For March 5, our forensic accounting needle in a haystack comes from a car rental service that purchases goods and services from a company controlled by its largest investor.
Analyst Jacob McDonough found an unusual item in Hertz Global Holdings’ (HTZ) 2018 10-K.
On page 140, HTZ discloses that it purchases goods and services from entities controlled by Carl Icahn, who is the largest investor in HTZ and controls multiple board seats. HTZ purchased $39 million worth of goods and services from these entities – primarily The Pep Boys – in 2018, which was up from $13 million in 2017.
While $39 million in expenses is relatively minor for HTZ (less than 1% of revenue), the company discloses on page 32 under its risk factors:
“It is possible that these entities could cancel, choose not to renew or renegotiate the terms of their arrangements with the Company following the sale of shares by affiliates of Carl Icahn, which could adversely impact our business.”

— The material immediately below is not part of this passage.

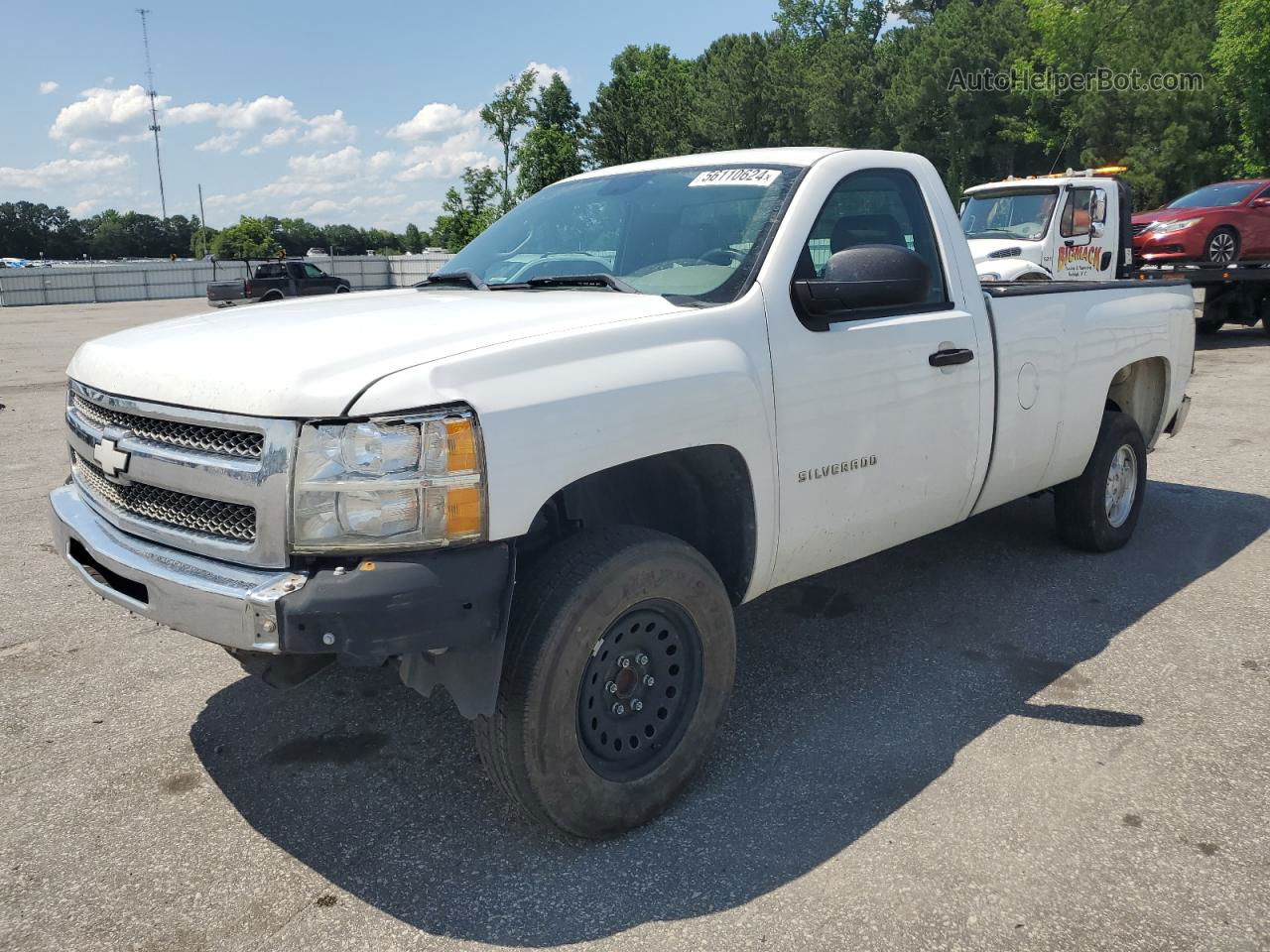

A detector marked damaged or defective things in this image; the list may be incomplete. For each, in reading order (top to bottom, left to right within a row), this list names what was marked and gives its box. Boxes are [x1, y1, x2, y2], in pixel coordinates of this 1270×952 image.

cracked headlight [294, 407, 486, 551]
front bumper damage [48, 488, 516, 718]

That risk became all the more relevant on March 5 after Icahn disclosed that he’d cut his stake in HTZ by almost 20%. Investors should be aware that this development could lead to a disruption of service or increased costs for the company. In addition, Icahn’s sale suggests that he has no interest in taking the company private, which has been one of the primary bull cases for the stock over the past year. HTZ dropped 10% on the news.
We warned investors to avoid HTZ a year ago, and the stock is down 12% while the S&P 500 is flat since then. Icahn trimming his stake in HTZ just as the company becomes more reliant on his other businesses only increases the risk in owning this stock.
The Power of the Robo-Analyst
We analyzed 201 10-K filings yesterday (breaking the record we set on February 28), from which our Robo-Analyst technology collected 22,154 data points. Our analyst team used this data to make 4,384 forensic accounting adjustments with a dollar value of $844 billion. The adjustments were applied as follows:
- 1,742 income statement adjustments with a total value of $51 billion
- 1,890 balance sheet adjustments with a total value of $376 billion
- 725 valuation adjustments with a total value of $417 billion
We believe this research is necessary to fulfill the Fiduciary Duty of Care. Ernst & Young’s white paper, “Getting ROIC Right”, demonstrates how these adjustments contribute to meaningfully superior models and metrics.